WORK INSTRUCTION:
Copy nothing but the text: reproduce each line of the listing exactly and leave the pictures out.

-- DATA BLOCK follows --

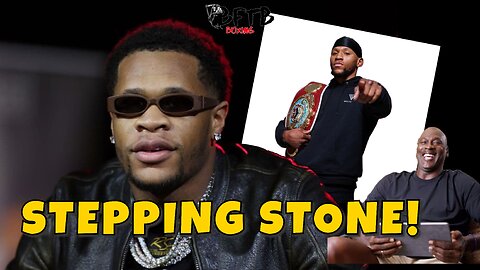 DEVIN IS A "STEPPING STONE" FOR BRIAN NORMAN?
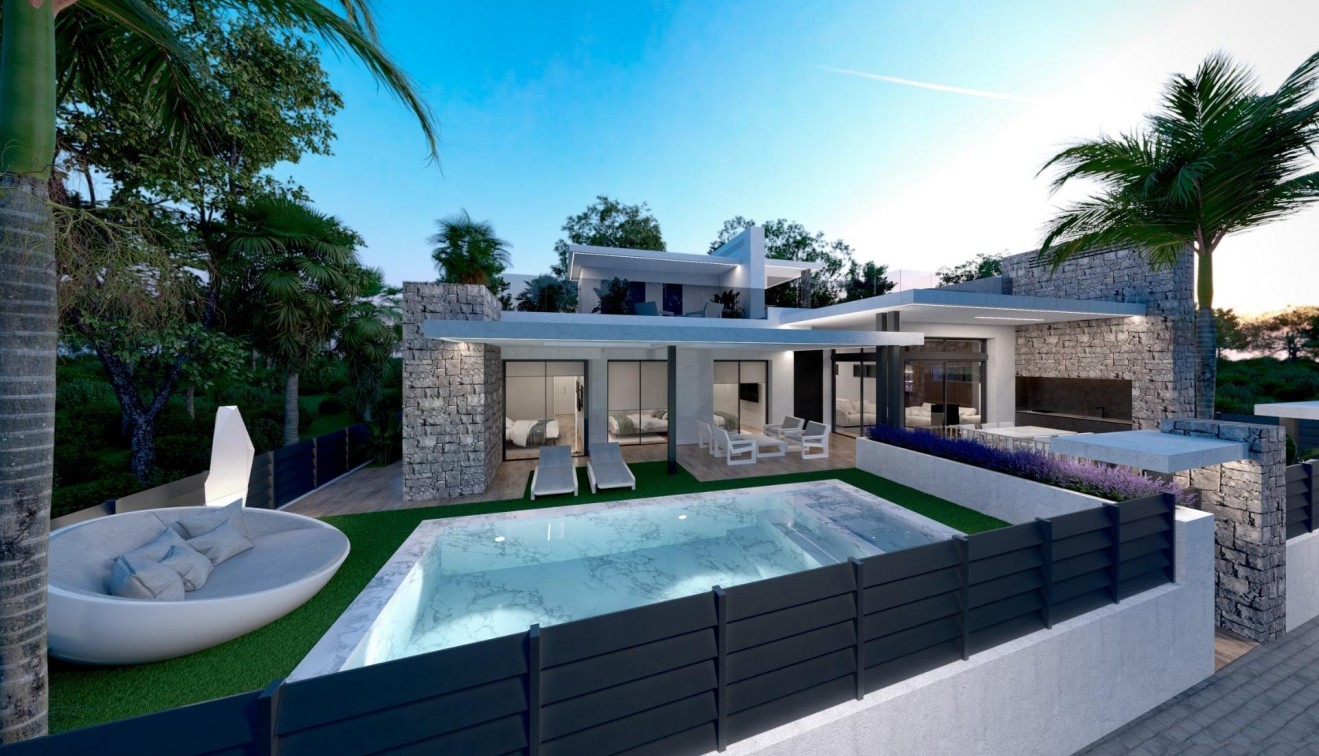 Nieuwbouw - Villa - Torre Pacheco - Santa Rosalia Lake And Life Resort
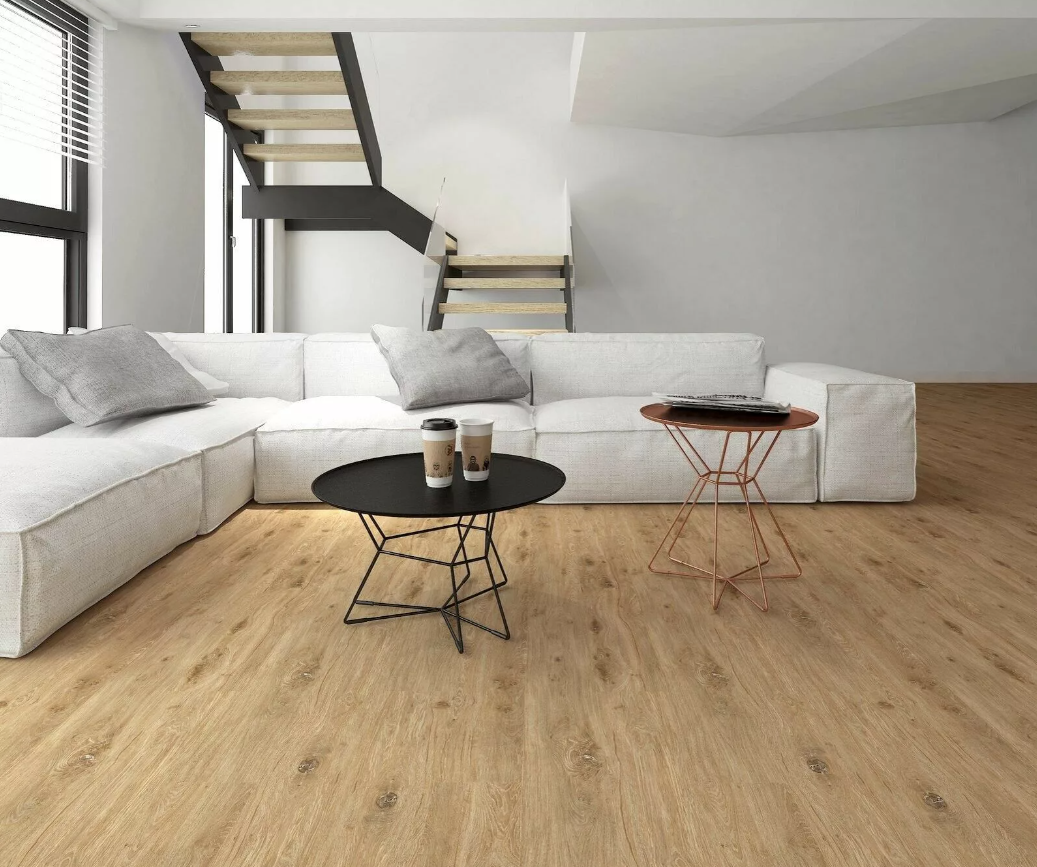 Кварцвинил SPC KronParket 9149/2 Малахит Rigid acoustic от flatbox.by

-- DATA BLOCK concluded --

WRITTEN SOLUTION:
 DEVIN IS A "STEPPING STONE" FOR BRIAN NORMAN?
 Nieuwbouw - Villa - Torre Pacheco - Santa Rosalia Lake And Life Resort
 Кварцвинил SPC KronParket 9149/2 Малахит Rigid acoustic от flatbox.by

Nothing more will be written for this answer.